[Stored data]
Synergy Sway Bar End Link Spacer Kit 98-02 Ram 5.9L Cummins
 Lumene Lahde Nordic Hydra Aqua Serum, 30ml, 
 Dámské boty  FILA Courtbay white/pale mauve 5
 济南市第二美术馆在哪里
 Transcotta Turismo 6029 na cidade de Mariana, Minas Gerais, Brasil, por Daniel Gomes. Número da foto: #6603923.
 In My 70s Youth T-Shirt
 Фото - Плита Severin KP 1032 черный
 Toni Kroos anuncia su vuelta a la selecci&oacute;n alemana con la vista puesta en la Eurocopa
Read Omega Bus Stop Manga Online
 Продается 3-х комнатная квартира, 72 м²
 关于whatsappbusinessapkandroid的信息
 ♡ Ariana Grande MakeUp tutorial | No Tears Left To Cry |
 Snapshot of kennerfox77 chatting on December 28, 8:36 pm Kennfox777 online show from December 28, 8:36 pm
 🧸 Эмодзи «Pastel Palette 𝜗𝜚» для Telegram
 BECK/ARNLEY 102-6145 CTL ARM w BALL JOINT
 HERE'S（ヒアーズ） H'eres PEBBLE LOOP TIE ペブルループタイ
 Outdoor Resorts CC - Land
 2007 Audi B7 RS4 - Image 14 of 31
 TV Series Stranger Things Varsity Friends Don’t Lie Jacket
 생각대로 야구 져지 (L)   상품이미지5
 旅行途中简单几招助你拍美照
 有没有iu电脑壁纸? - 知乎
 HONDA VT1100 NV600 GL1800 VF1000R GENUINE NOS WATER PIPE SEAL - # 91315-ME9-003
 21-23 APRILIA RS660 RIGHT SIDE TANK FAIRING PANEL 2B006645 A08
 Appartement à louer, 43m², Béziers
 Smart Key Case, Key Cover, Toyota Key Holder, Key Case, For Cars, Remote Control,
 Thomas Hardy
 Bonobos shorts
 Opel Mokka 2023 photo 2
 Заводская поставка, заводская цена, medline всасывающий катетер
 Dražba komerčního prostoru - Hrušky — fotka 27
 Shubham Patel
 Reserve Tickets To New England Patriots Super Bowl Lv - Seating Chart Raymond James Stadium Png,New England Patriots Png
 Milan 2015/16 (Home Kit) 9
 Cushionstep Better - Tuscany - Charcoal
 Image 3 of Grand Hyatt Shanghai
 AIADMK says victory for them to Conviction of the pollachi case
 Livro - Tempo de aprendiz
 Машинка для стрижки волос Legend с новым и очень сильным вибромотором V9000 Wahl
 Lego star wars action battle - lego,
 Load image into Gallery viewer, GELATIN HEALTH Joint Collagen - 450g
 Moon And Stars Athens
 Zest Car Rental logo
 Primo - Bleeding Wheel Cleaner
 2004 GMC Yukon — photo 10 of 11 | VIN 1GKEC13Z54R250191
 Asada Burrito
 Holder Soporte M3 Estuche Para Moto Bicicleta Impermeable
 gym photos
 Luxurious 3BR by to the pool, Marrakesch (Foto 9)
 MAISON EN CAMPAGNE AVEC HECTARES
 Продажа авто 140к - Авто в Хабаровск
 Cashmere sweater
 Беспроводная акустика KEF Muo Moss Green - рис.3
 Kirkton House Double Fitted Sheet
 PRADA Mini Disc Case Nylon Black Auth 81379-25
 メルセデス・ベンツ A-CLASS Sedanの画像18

_Assigned task_
If a line of the records above holds the string "Holder", count it; then state only how many such lines there are.

_Task result_
2